Correlation Between Investec Emerging and Shelton Emerging
Can any of the company-specific risk be diversified away by investing in both Investec Emerging and Shelton Emerging at the same time? Although using a correlation coefficient on its own may not help to predict future stock returns, this module helps to understand the diversifiable risk of combining Investec Emerging and Shelton Emerging into the same portfolio, which is an essential part of the fundamental portfolio management process.
By analyzing existing cross correlation between Investec Emerging Markets and Shelton Emerging Markets, you can compare the effects of market volatilities on Investec Emerging and Shelton Emerging and check how they will diversify away market risk if combined in the same portfolio for a given time horizon. You can also utilize pair trading strategies of matching a long position in Investec Emerging with a short position of Shelton Emerging. Check out your portfolio center. Please also check ongoing floating volatility patterns of Investec Emerging and Shelton Emerging.

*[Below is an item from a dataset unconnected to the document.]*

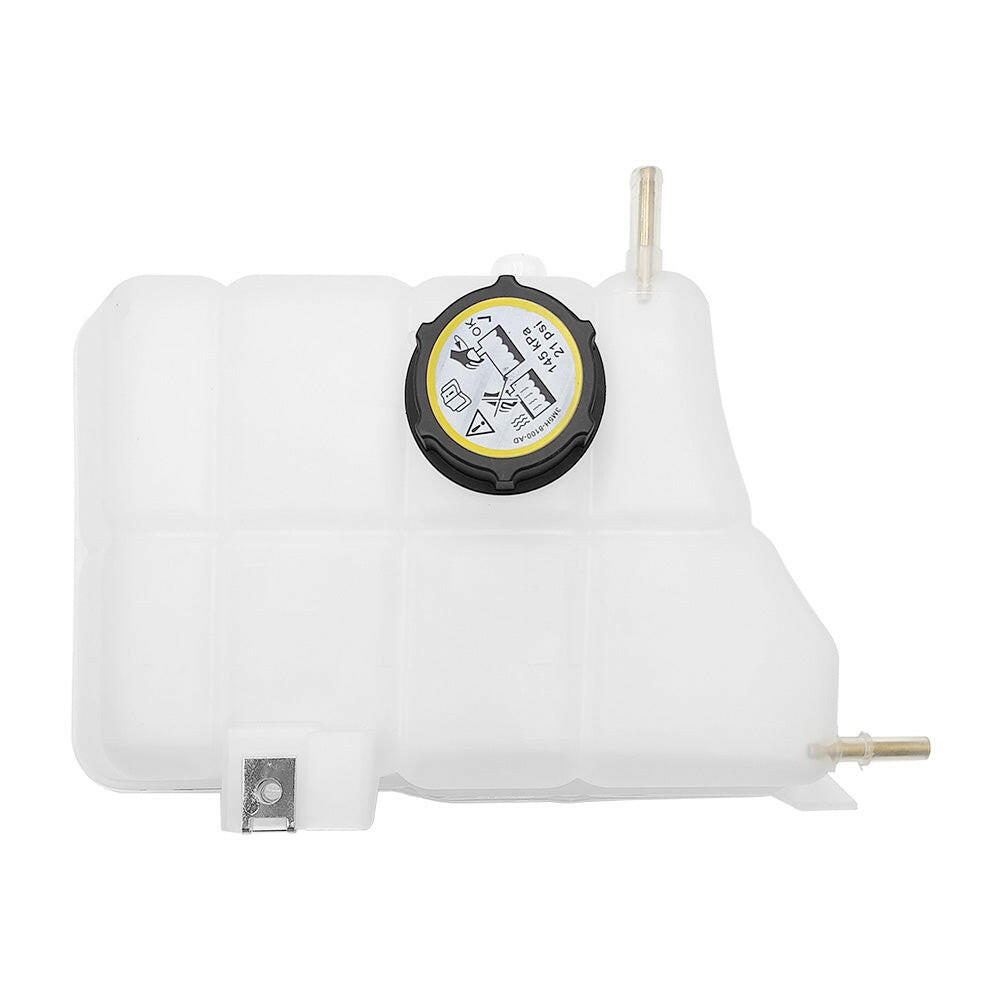 Coolant Expansion Tank Suitable For Mazda BT-50 UP UR 2011-2020 Ford Ranger PX Diesel 2011-2015.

Diversification Opportunities for Investec Emerging and Shelton Emerging
0.94 | Correlation Coefficient |
Almost no diversification
The 3 months correlation between Investec and Shelton is 0.94. Overlapping area represents the amount of risk that can be diversified away by holding Investec Emerging Markets and Shelton Emerging Markets in the same portfolio, assuming nothing else is changed. The correlation between historical prices or returns on Shelton Emerging Markets and Investec Emerging is a relative statistical measure of the degree to which these equity instruments tend to move together. The correlation coefficient measures the extent to which returns on Investec Emerging Markets are associated (or correlated) with Shelton Emerging. Values of the correlation coefficient range from -1 to +1, where. The correlation of zero (0) is possible when the price movement of Shelton Emerging Markets has no effect on the direction of Investec Emerging i.e., Investec Emerging and Shelton Emerging go up and down completely randomly.
Pair Corralation between Investec Emerging and Shelton Emerging
Assuming the 90 days horizon Investec Emerging Markets is expected to generate 0.84 times more return on investment than Shelton Emerging. However, Investec Emerging Markets is 1.19 times less risky than Shelton Emerging. It trades about 0.06 of its potential returns per unit of risk. Shelton Emerging Markets is currently generating about -0.02 per unit of risk. If you would invest 1,039 in Investec Emerging Markets on September 3, 2024 and sell it today you would earn a total of 33.00 from holding Investec Emerging Markets or generate 3.18% return on investment over 90 days.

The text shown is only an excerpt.